_ACTION ITEM_
All the lines below need to be transcribed exactly. Pictures get left out.

_COLLECTED MATERIAL_
== == ==

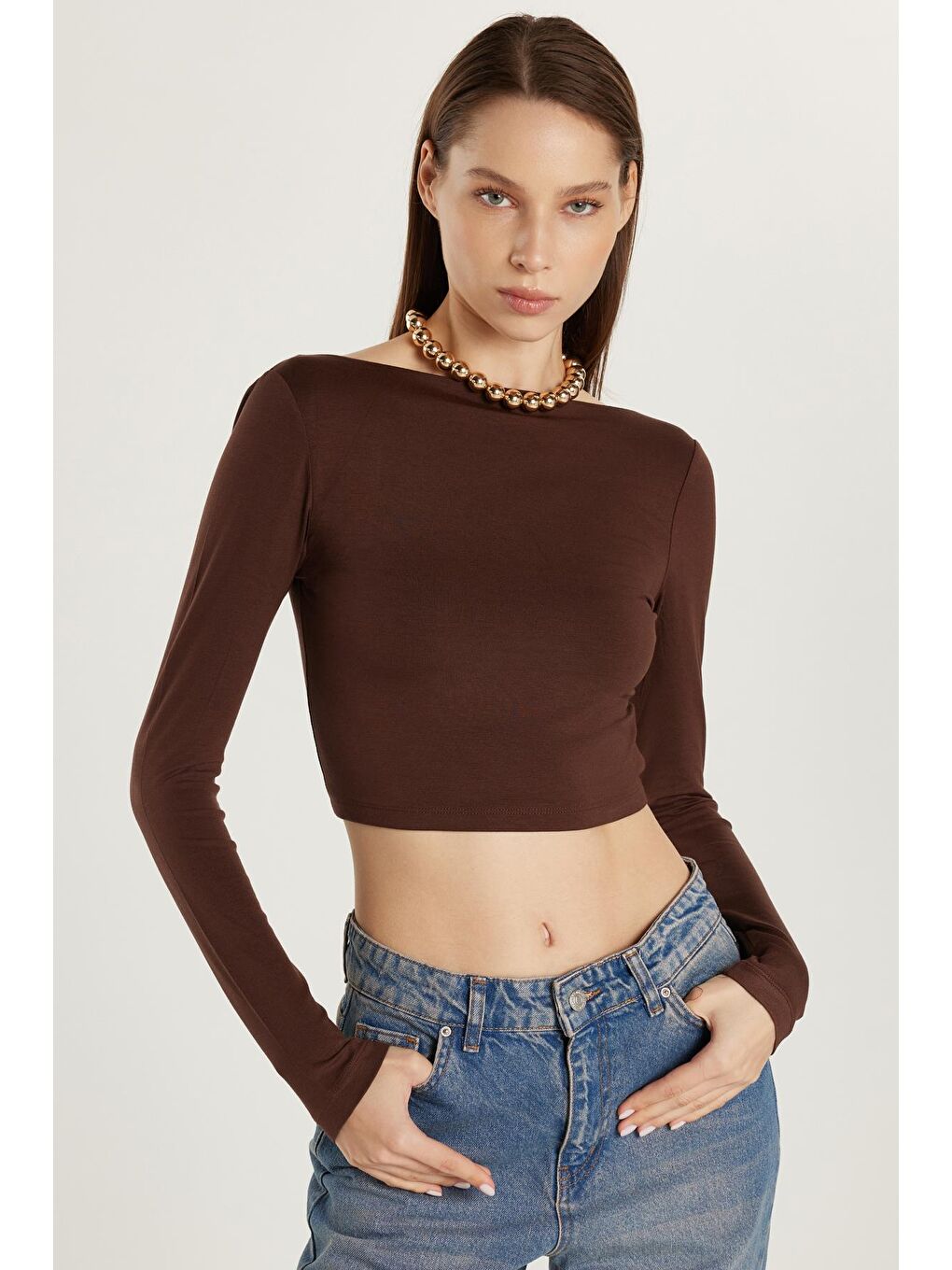Kadın Slim Fit Dar Kesim Bisiklet Yaka Sırt Detaylı Kahverengi Bluz-3
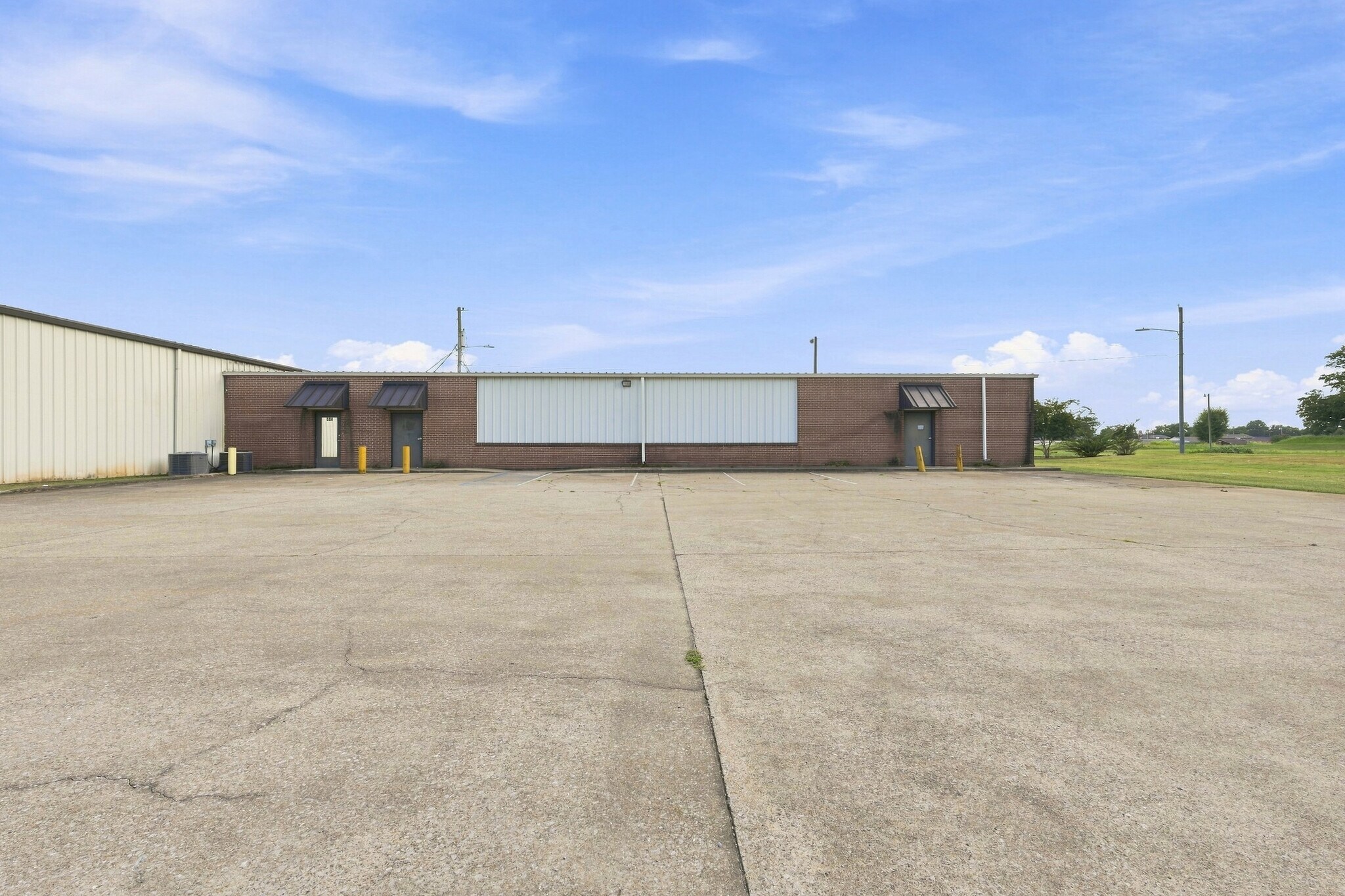 524 Tuxedo Ave, Muscle Shoals, AL for lease Primary Photo- Image 1 of 6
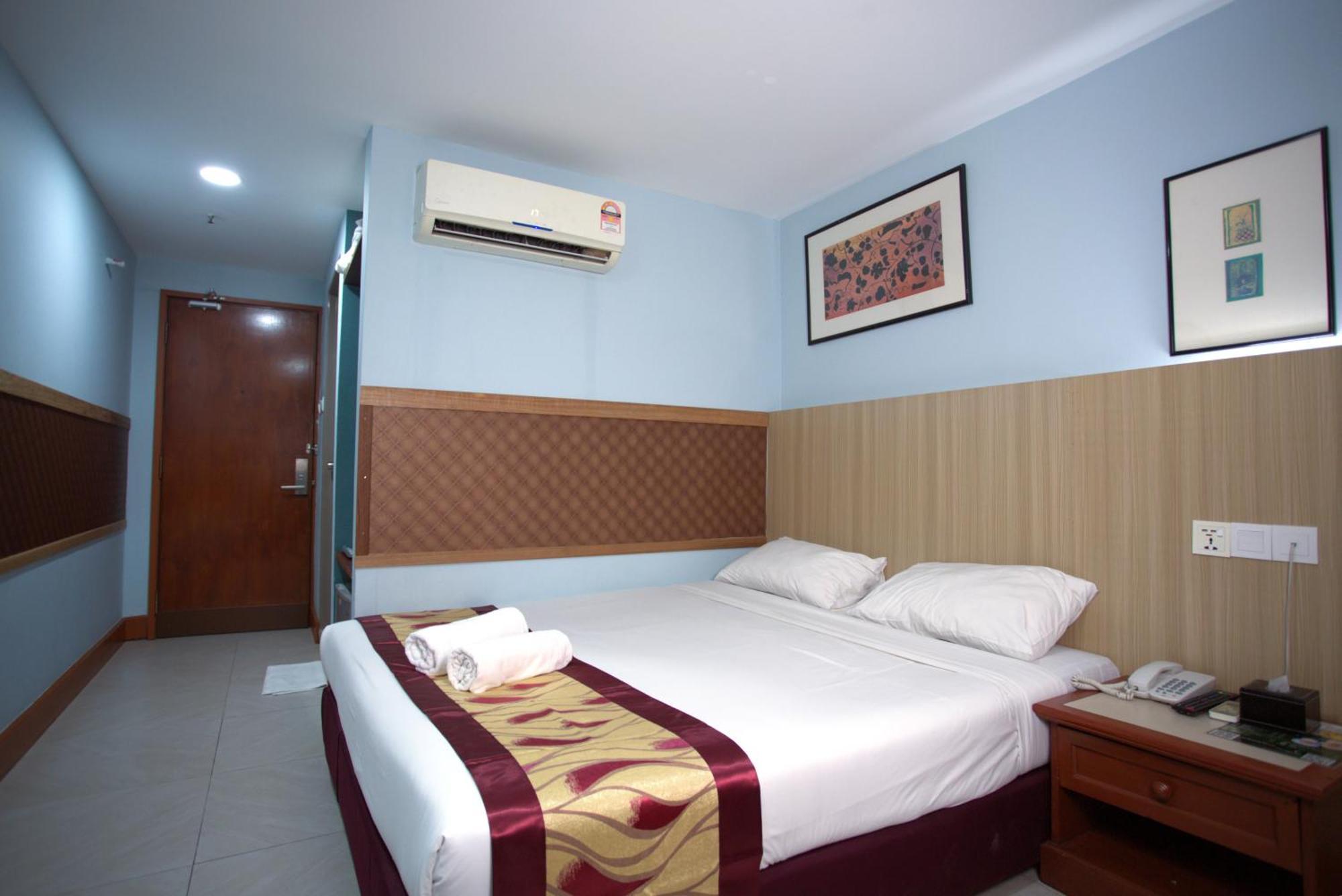 Hotel Orkid Hills At Куала-Лумпур Экстерьер фото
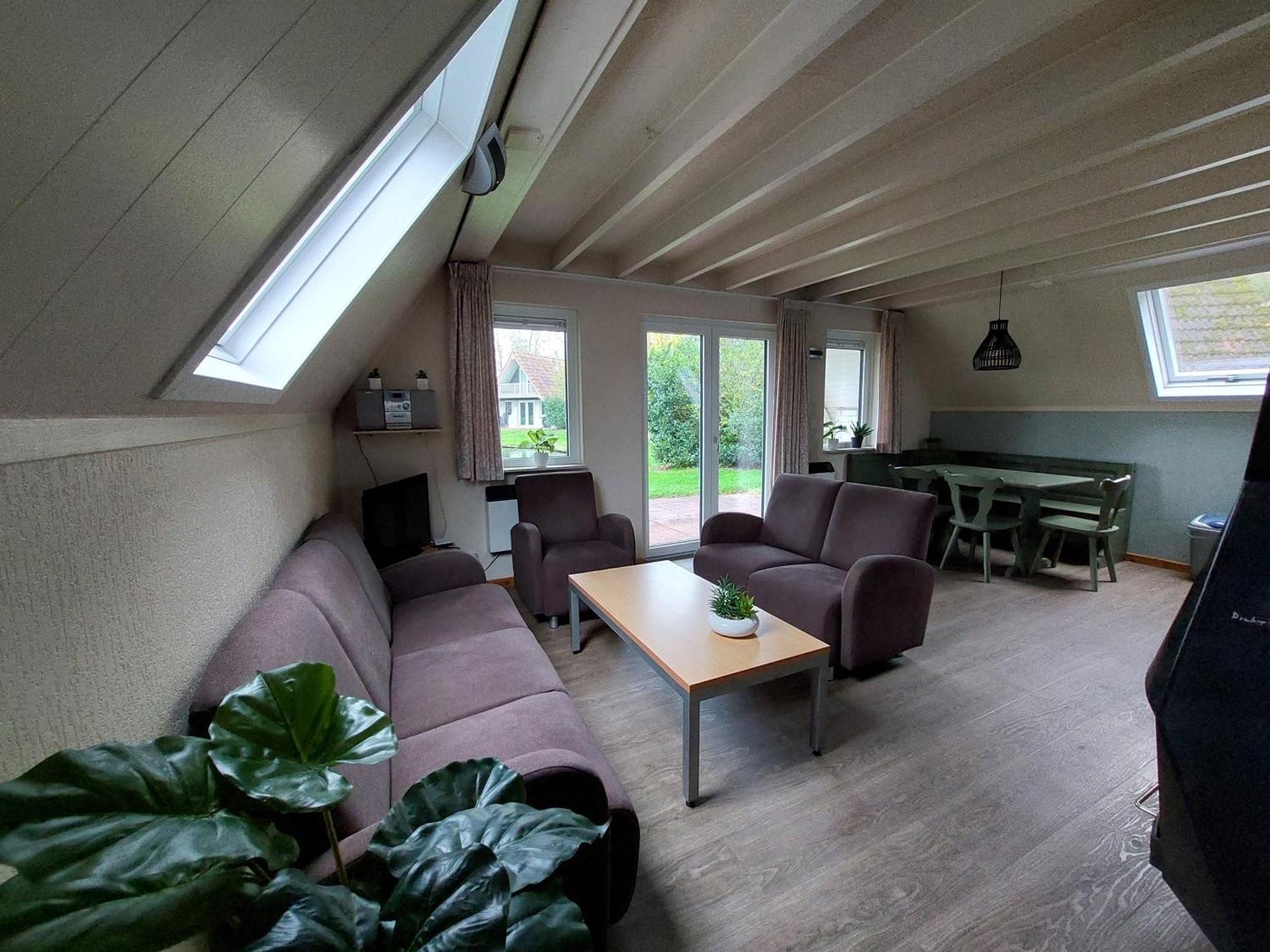 De Vecht, 124 - Centraal Gelegen Aan Vijver Gramsbergen Extérieur photo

== == ==

_OUTPUT FOR THIS TASK_
Kadın Slim Fit Dar Kesim Bisiklet Yaka Sırt Detaylı Kahverengi Bluz-3
 524 Tuxedo Ave, Muscle Shoals, AL for lease Primary Photo- Image 1 of 6
 Hotel Orkid Hills At Куала-Лумпур Экстерьер фото
 De Vecht, 124 - Centraal Gelegen Aan Vijver Gramsbergen Extérieur photo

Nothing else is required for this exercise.